Your goal: In the data below, set down exactly the lines from the one containing "Premier Decorations Gingerbread" up to and including the one containing "Halmuz 6-Piece Wicker". Leave the pictures out.

Information provided:
--*--
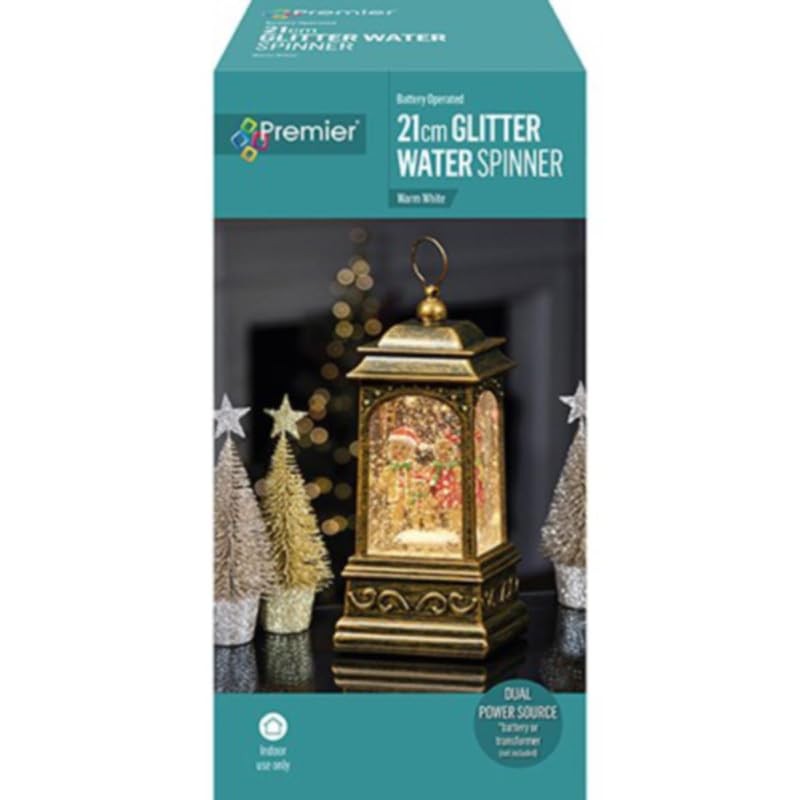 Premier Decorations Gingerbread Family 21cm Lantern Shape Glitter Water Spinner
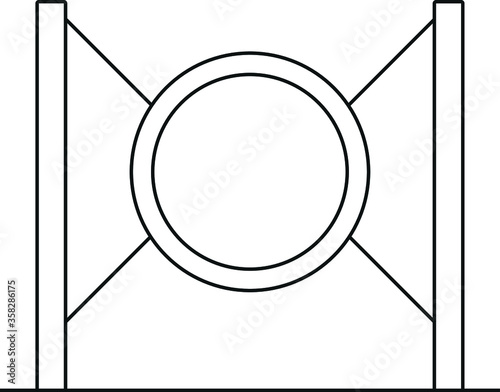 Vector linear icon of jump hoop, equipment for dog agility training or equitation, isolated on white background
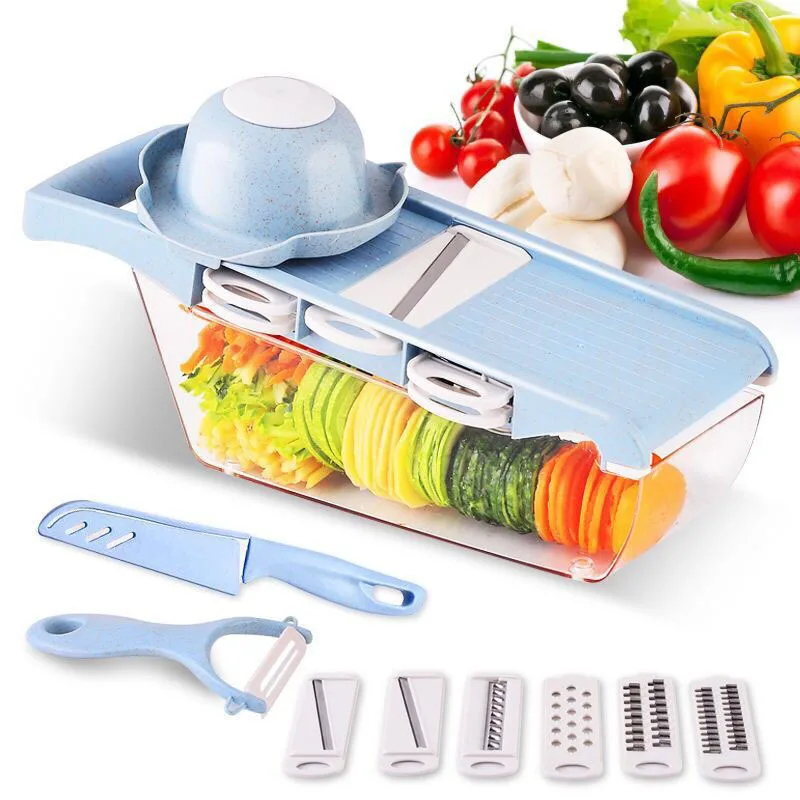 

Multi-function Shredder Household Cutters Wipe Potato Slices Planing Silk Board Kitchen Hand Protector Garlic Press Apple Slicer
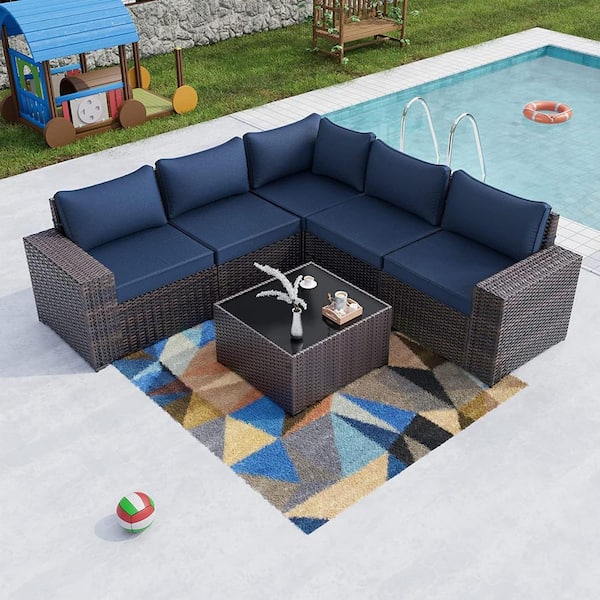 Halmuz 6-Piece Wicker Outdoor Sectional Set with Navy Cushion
--*--
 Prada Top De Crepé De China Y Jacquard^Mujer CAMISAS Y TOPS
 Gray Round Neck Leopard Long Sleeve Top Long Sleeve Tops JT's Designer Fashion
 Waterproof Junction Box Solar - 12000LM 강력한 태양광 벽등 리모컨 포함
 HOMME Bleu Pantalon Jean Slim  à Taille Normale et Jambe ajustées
--*--
Exercise output:
 Premier Decorations Gingerbread Family 21cm Lantern Shape Glitter Water Spinner
 Vector linear icon of jump hoop, equipment for dog agility training or equitation, isolated on white background

Multi-function Shredder Household Cutters Wipe Potato Slices Planing Silk Board Kitchen Hand Protector Garlic Press Apple Slicer
 Halmuz 6-Piece Wicker Outdoor Sectional Set with Navy Cushion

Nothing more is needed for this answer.